AoC chief David Hughes is also calling on unions to halt strike action during the crucial exam period while negotiations continue.
The latest meeting between the five unions from the National Joint Forum (NJF) and AoC today resulted in the association doubling down on its decision not to offer a pay recommendation for 2023/24, explaining that a 15 per cent demand was a “perfectly reasonable” ask but colleges could not afford “anywhere near what the unions are asking for”.
Following the first meeting last month, the AoC took the unprecedented decision not to make an offer unless ministers intervened to stump up more cash.
The association met with the education secretary Gillian Keegan and skills minister Robert Halfon to make the case for more money in recent weeks, who have “heard this message” but said that the Department for Education will now need to convince Treasury.
Hughes said: “Making a pay recommendation now would essentially let the government off the hook by either making a recommendation that colleges cannot afford or one that is far from adequate.
“We recognise the enormous pressure on staff caused by high inflation and the cost of living and that is why we are making the case to the Treasury and the DfE for a package of measures to increase college staff pay.”
Hughes referenced the teacher recruitment and retention crisis, and the pay chasm between FE teachers and their equivalents in schools, explaining that there is not enough money to ensure pay at least matches the offer to schools.”
The School Teachers’ Review Body is not due to report on its final proposal until July.
Hughes added: “In the meantime, I would urge union branches not to schedule strike action which aims to disrupt students as they come into college for their exams this summer.
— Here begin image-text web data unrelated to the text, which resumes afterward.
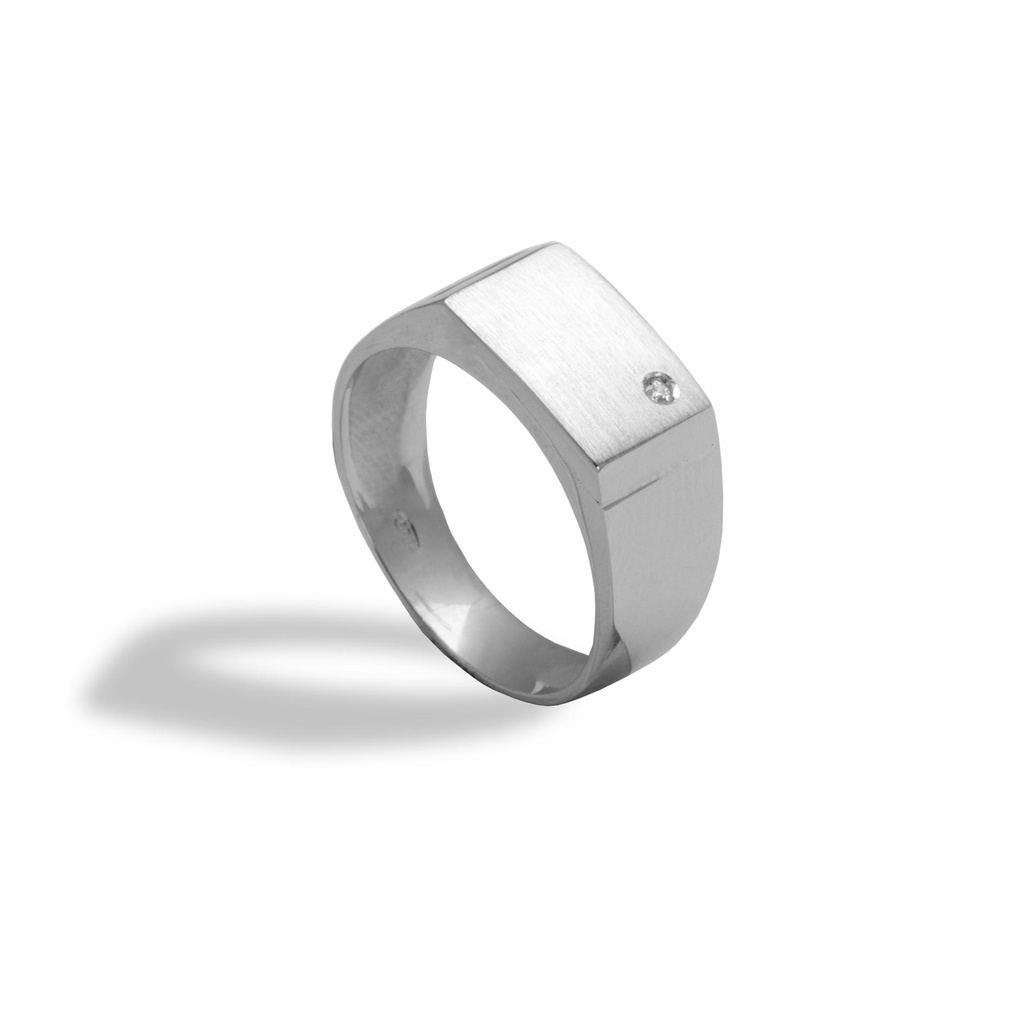 Zilveren monogramring met Zirkonia steen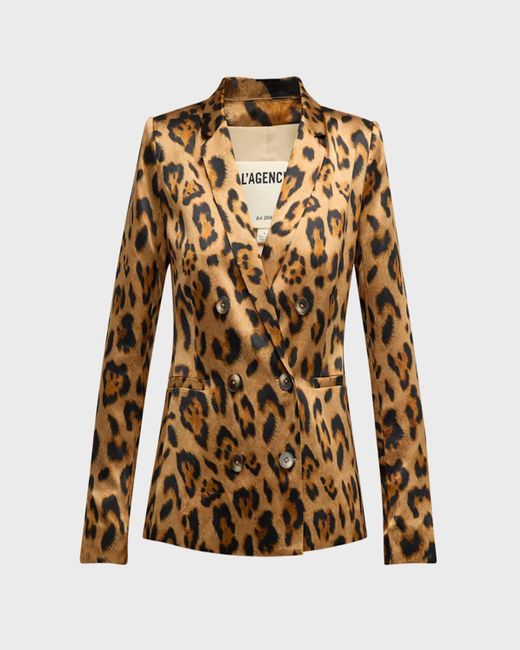 L'Agence Brown Colin Leopard Double-breasted Blazer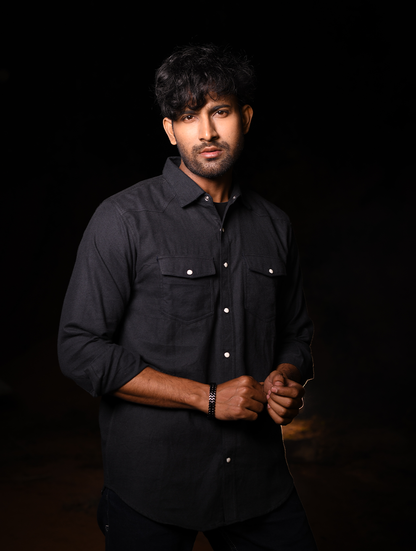 Men’s Classic Black Button-Down Casual Shirt (WS-007)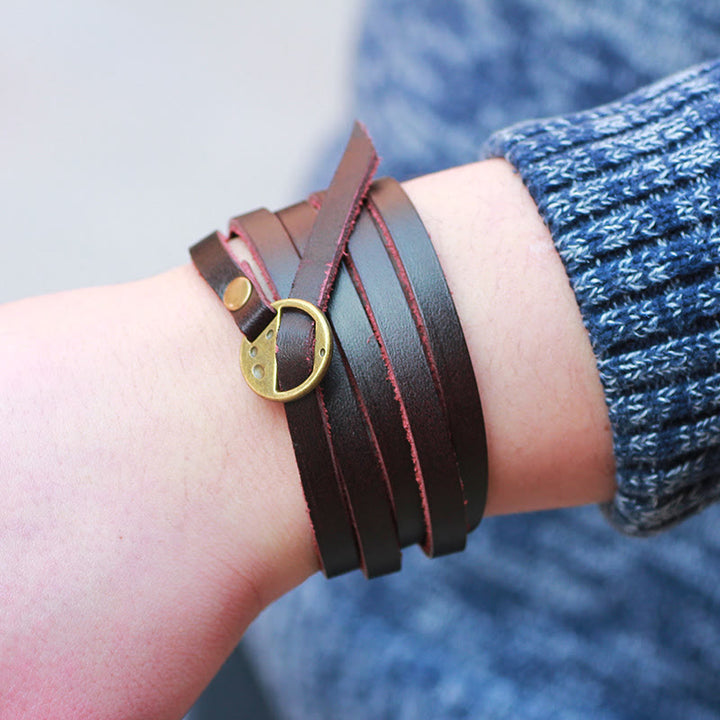Pulsera de confianza con hebilla de cuero multicapa vintage con Buddha Stones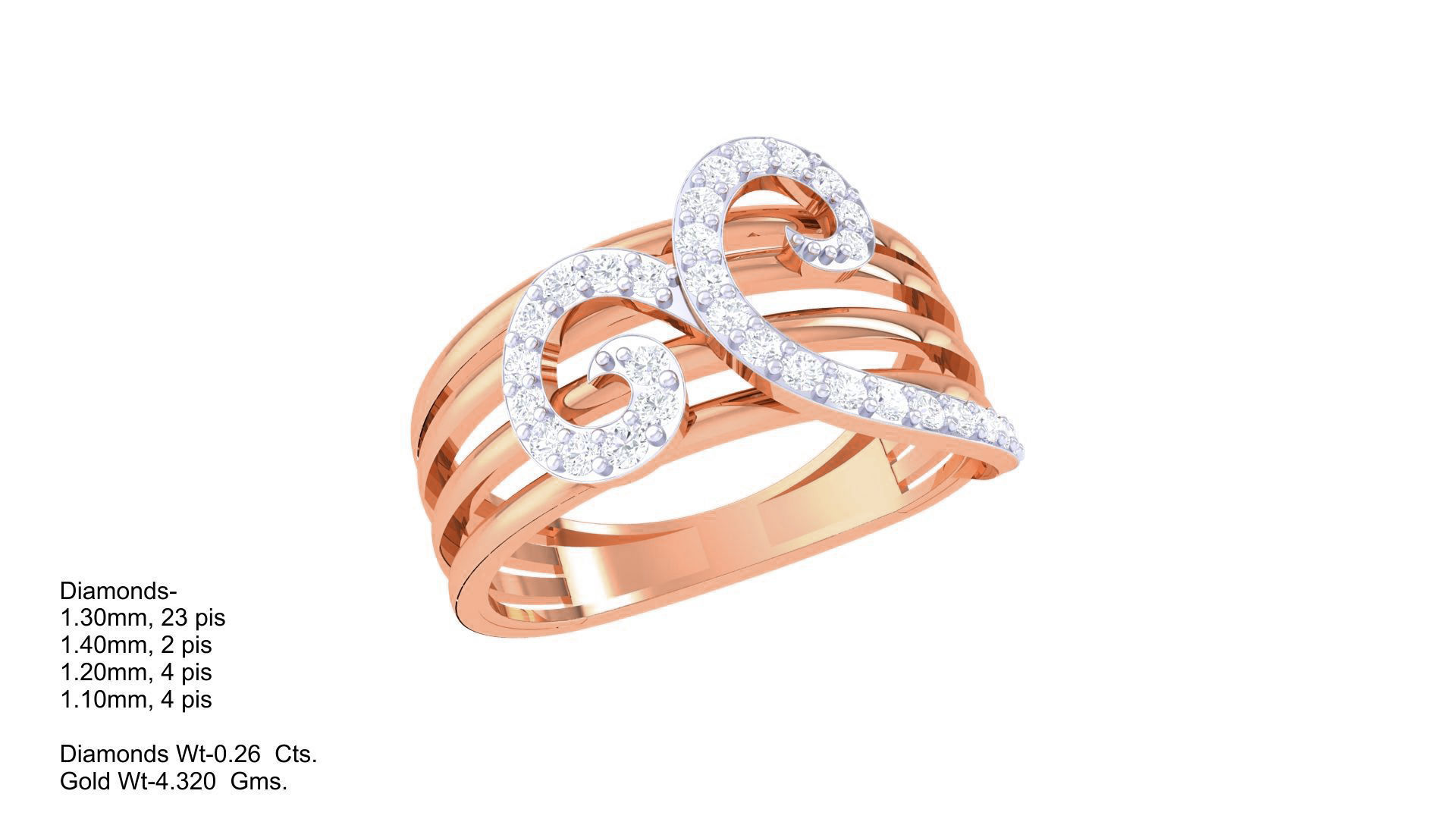 Wire High Jewelry Diamond Cocktail Ring 3dm stl obj mtl 3D print model_2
This is already a stressful time of year for students. Asking students to walk through picket lines when they are calmly trying to prepare for their exams is unfair and unnecessary and can be avoided by the unions.”
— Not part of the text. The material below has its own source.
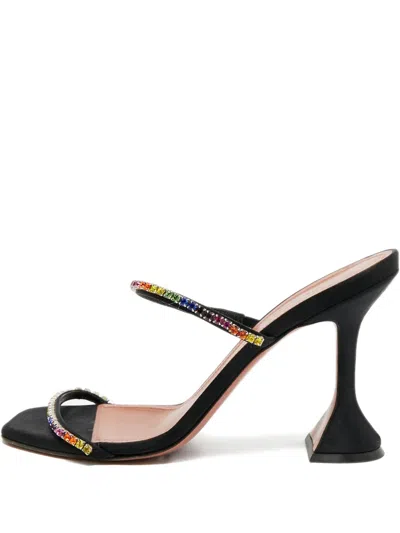 Pre-owned Amina Muaddi Gilda Crystal-embellished Sandals In Black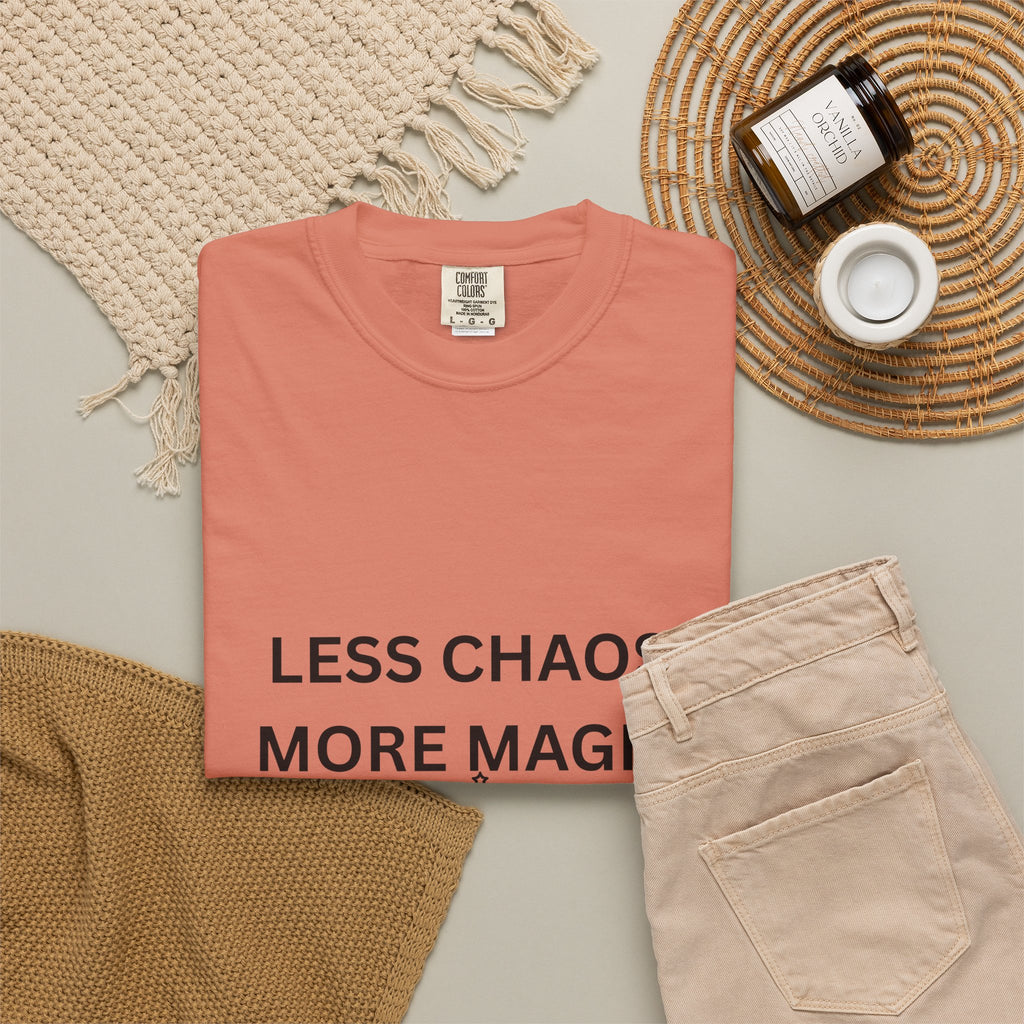 Less Chaos, More Magic T-Shirt — Crescent Moon + Stars Graphic Tee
Asked by FE Week whether the AoC was passing the buck onto its paying members to decide by themselves what the pay award should be, Hughes said he was instead “putting the responsibility where it lies which is directly and squarely with the government”.
This year, the five unions – the University and College Union (UCU), Unison, National Education Union (NEU), GMB and Unite – have asked for an inflation-busting 15.4 per cent increase – the 13.4 per cent retail price index inflation increase from January plus 2 per cent.
It has also called for “significant movement” towards “meaningful national agreements to address workloads in colleges”, sector-wide agreement on a new national bargaining framework and a new national contract for FE staff.
Last year, the AoC made a 2.5 per cent offer compared to the forum’s ask for 10 per cent.
A statement from the joint FE trade unions said: “Its deeply disappointing to report that the AoC failed to make any recommendation on pay.
“While it is a fact that FE in England is underfunded, employers can and do make choices regarding what they prioritise to invest in, and for far too long employers have deprioritised investing in staff pay.”
The unions added: “The AoC position is to a large extent a function of the broken national bargaining arrangements in FE, where pay increases are only recommended, unlike in schools or sixth form where pay increases are implemented.
“We challenged the AoC to publicly state their support for the principle of binding national negotiations; regrettably, they did not agree to our proposal. It is the joint trade union’s view that the sector desperately needs a new settlement which covers funding, staff pay, negotiating frameworks and workloads. The reclassification of FE provides the opportunity for the AoC and the DfE to work with us to reset FE. Pressing repeat is not working.”